# MacBook Air and FreeBSD 9.0 x64



## Wowi (Oct 16, 2012)

Hello everybody,
*I*'m here, because *I* have a little problem with my installation of FreeBSD on my MacBook Air 2012. First time, *I* will give you some informations :

I have installed FreeBSD 9.0 x64 and *I* don't have any problem to boot on them
I have 2 networks interface, one bcm43224 for wifi, and one thunderbolt ethernet interface
So actually *I* don't have internet on this laptop
Have you some information about the bcm43224?
*I* have read some informations here, so *I* go on this website, but *I* don't have any information to install firmware on FreeBSD.
I don't find information about Thunderbolt-Ethernet, have you some informations?
Thanks a lot


----------



## sysliquid (Oct 16, 2012)

What you are looking for is called the 'brcmsmac (PCIe/AXI) driver', which is a driver that covers BCM4313, BCM43224, BCM43224, BCM43225 broadcom chips.

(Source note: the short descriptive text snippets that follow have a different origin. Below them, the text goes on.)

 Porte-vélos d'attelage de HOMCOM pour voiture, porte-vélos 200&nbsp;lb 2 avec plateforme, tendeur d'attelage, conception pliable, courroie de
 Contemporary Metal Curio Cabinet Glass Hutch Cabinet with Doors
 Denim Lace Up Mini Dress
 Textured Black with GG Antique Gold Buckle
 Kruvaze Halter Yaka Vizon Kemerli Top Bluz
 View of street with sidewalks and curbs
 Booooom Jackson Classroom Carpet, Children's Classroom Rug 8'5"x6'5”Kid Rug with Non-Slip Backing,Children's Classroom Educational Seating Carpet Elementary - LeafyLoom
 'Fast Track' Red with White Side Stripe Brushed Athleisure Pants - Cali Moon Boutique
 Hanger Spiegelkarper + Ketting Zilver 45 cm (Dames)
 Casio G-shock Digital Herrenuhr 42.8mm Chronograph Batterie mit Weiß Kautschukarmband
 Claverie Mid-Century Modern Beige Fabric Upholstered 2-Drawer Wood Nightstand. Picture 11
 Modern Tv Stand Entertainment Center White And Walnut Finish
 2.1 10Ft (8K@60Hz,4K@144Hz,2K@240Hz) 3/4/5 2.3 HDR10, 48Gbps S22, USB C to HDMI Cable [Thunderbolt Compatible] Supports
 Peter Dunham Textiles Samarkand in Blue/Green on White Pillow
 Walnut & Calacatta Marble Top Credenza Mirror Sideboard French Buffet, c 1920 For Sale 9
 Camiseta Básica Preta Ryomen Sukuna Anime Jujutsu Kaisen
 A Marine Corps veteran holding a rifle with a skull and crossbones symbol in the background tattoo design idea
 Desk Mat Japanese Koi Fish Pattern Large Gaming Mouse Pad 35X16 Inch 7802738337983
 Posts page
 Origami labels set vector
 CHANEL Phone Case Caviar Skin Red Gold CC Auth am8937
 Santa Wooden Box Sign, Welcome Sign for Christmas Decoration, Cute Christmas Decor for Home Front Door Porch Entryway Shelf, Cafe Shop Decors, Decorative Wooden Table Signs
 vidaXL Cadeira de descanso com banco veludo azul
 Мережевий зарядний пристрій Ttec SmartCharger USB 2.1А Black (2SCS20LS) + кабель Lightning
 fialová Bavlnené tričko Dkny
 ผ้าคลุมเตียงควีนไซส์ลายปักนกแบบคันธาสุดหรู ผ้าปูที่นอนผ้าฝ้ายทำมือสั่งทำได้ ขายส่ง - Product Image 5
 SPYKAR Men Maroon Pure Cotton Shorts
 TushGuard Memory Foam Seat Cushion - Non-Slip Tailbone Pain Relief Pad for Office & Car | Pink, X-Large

While I can't cite sources from broadcom, it does appear that they released they released this open source in 2010, and you can find more information about the linux version here:

http://wireless.kernel.org/en/users/Drivers/brcm80211BCM43224

The end of the trail seems to be that someone was attempting to port the thing over to FreeBSD from linux in february of 2011:

http://www.freebsd.org/cgi/query-pr.cgi?pr=154851

The project appears to be suspended, so you could try contacting Theo and see if he has anything to work with, but beyond that I wasn't able to dig anything up for you.


----------



## gentoobob (Oct 16, 2012)

You will probably have better luck just putting FreeBSD in a virtual box setup.  From what I've heard, linux, especially unix is going to lack in the drivers for the thunderbolt port.  Just Google search "linux support thunderbolt", you'll find plenty of articles.  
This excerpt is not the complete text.